Pictures must not appear in the copy. Set down exactly the line with "Audi A4 №3959" and each line after it through the end of the data below.
──────── EXERCISE INPUT ────────
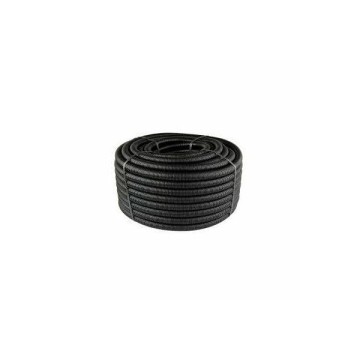 Mutlusan Q26 Plastik Spiral Boru (Siyah) (m50)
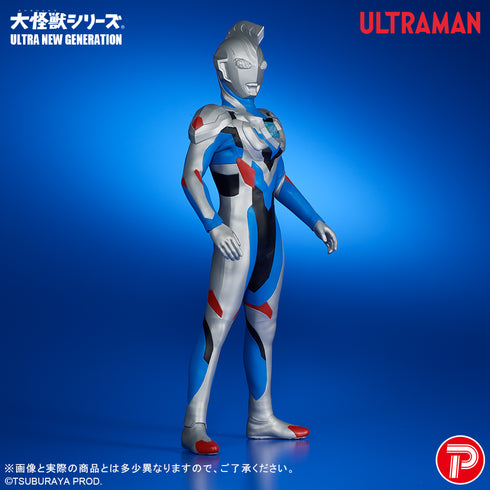『ウルトラマンシリーズ』大怪獣シリーズ ULTRA NEW GENERATION ウルトラマンゼット オリジナル
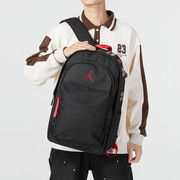 耐克运动背包AJ飞人Jordan背包大容量学生书包旅行包休闲包双肩包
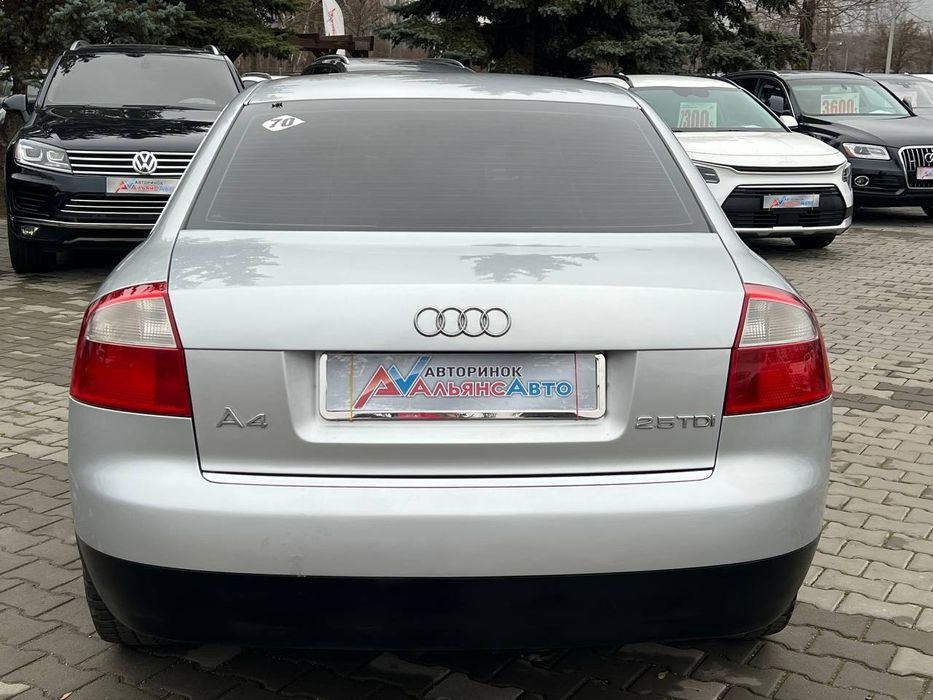 Audi A4 №3959 (ВНЕСОК від 10%) Альянс Авто Кривий Ріг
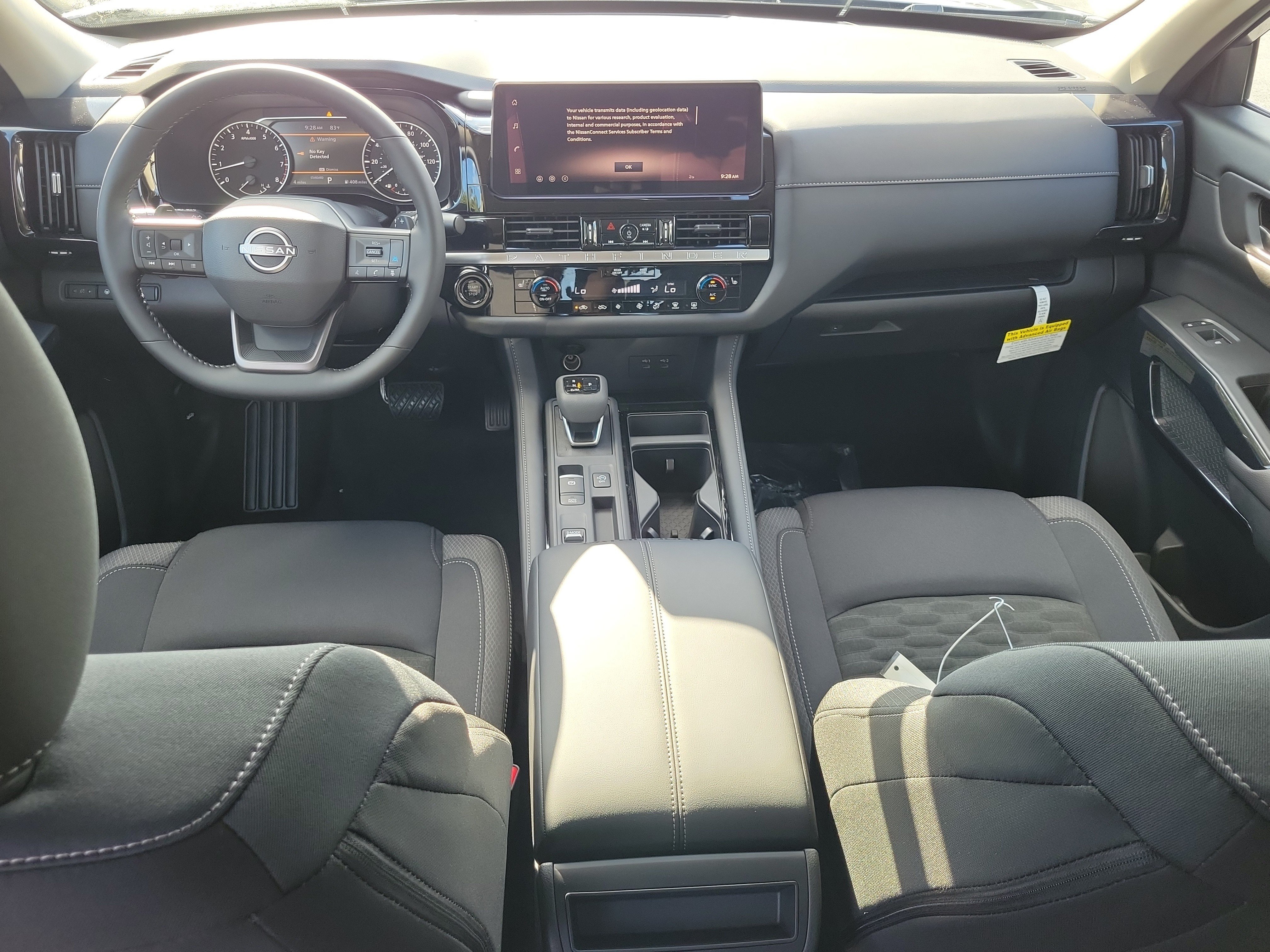 New 2026 Nissan Pathfinder SV FWD image 9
────────
→ REPLY
 Audi A4 №3959 (ВНЕСОК від 10%) Альянс Авто Кривий Ріг
 New 2026 Nissan Pathfinder SV FWD image 9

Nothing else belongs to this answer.